Léonid Razvozjaev, membre du Front de gauche, un des mouvements en pointe dans la contestation du régime du président Poutine, «a été inculpé» dans le cadre de l'enquête sur la «préparation à l'organisation de troubles massifs», précise l'institution dans un communiqué.

Le comité d'enquête ajoute avoir convoqué le 26 octobre Sergueï Oudaltsov pour lui annoncer son inculpation.

M. Razvozjaev a été placé dimanche en détention provisoire à Moscou, selon le comité qui a affirmé qu'il s'était présenté de lui-même aux enquêteurs pour reconnaître sa culpabilité.

Cette version contredit totalement celle de l'intéressé qui dit avoir été torturé et enlevé en Ukraine où il s'était rendu pour demander l'asile politique à la veille d'interpellations et de perquisitions en Russie dans le cadre de l'enquête.

La thèse de l'enlèvement a été étayée par le bureau du Haut Commissariat des Nations unies pour les réfugiés (UNHCR) à Kiev, qui a raconté que Léonid Razvozjaev s'était rendu dans une ONG à Kiev pour se renseigner sur l'octroi du statut de réfugié politique et avait disparu pendant une pause au cours d'un entretien avec des juristes, en abandonnant ses affaires.

Un vétéran russe de la défense des droits de l'homme, Valery Borchtchov, qui a rendu visite à M. Razvozjaev dans sa prison mardi, a déclaré que l'opposant revenait à présent sur la reconnaissance de sa culpabilité et affirmait qu'il avait fait cela par écrit après qu'il eut été «torturé» par des hommes non identifiés qui l'auraient ultérieurement remis aux enquêteurs russes.

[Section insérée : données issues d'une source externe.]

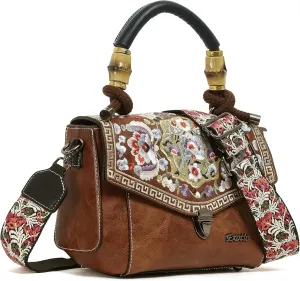 Women Satchel Vintage Retro Embroidery Sling Bag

«Des tortures ont indubitablement eu lieu», a affirmé M. Borchtchov sur la chaîne de télévision Dojd. Il a répété le récit fait par M. Razvozjaev selon lequel il a été capturé à Kiev.

«Il a été emmené dans une cave, il était menotté et ses pieds étaient enchaînés, il est resté là pendant trois jours sans nourriture, et on ne lui a pas permis d'aller aux toilettes», a déclaré M. Borchtchov.

«Il a compris que la mort l'attendait peut-être» et a accepté de coopérer après que ceux qui l'avaient enlevé eurent aussi menacé de s'en prendre à ses enfants, a-t-il poursuivi.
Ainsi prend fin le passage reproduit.